From The American Prospect:

What bothered Casar most was waning support for Democrats from working-class voters, something he had seen firsthand on the campaign trail for Harris. He saw it as an existential crisis for the party of the New Deal and Great Society, predicated on fighting for the common man and woman. “If we become a party of upper-income people, then I think we’re toast because we become a contradiction in and of ourselves as a party,” he said.

This year, Casar has focused squarely on reviving Democrats’ populist roots, while trusting that such positioning can play across the ideological divide. While the CPC has typically tended to its own membership in policy development and political strategy, Casar has pitched frontliners and swing-district members on his anti-oligarchy message.”

From The American Economic Liberties Project:

“Rep. Greg Casar (TX-35)
kicked off the event by speaking to the broad recognition that our healthcare system, dominated by vertically-integrated giants, is severely broken, saying, “ There is a growing consensus [of lawmakers] who recognize that these middlemen pharmacy benefit managers, that these private equity mergers and that the monopolization of our healthcare system is hurting Texans, no matter who you vote for.”

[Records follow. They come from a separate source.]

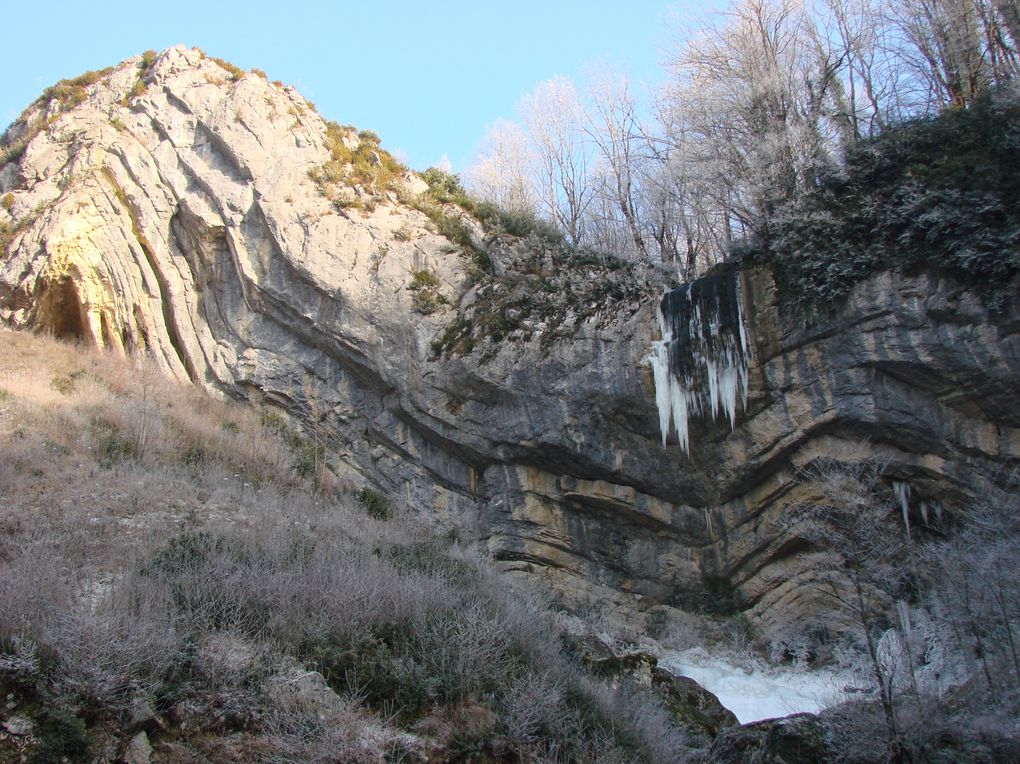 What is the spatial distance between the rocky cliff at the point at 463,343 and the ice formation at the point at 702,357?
A: 0.58 ft

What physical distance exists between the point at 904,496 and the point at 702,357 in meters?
3.69

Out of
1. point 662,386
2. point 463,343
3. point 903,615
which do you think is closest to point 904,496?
point 903,615

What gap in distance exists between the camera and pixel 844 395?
11766 millimetres

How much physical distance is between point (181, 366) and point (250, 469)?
14.9 ft

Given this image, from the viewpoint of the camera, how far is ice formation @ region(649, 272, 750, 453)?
1256 cm

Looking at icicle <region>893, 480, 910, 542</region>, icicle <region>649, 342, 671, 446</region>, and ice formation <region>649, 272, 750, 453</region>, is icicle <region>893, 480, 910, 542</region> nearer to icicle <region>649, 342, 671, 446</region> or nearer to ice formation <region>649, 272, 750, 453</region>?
ice formation <region>649, 272, 750, 453</region>

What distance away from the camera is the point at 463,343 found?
14.8 meters

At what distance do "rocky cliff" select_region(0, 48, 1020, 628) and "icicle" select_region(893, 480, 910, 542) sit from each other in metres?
0.07

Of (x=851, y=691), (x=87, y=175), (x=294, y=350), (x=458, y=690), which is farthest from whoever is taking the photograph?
(x=87, y=175)

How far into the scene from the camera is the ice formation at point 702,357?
12562 millimetres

“People from both sides of the aisle, people all over the country, and providers and patients alike are saying it is time to break up Big Medicine,” Rep. Casar concluded.”


The current partisan divide is so top of brain now that we forget that there were Bernie Sanders supporters who voted for Trump in 2016. Because they saw Hillary as part of the same system that Trump was challenging. A system where both parties had done not nearly enough to provide better jobs, lower prices – a sustainable life for average working people. Sanders and Trump were “change candidates”.
Hillary would have been a far better president than Trump, of course. But she represented the status quo that had provided bupkis for the workers who lost their jobs to outsourcing and automation.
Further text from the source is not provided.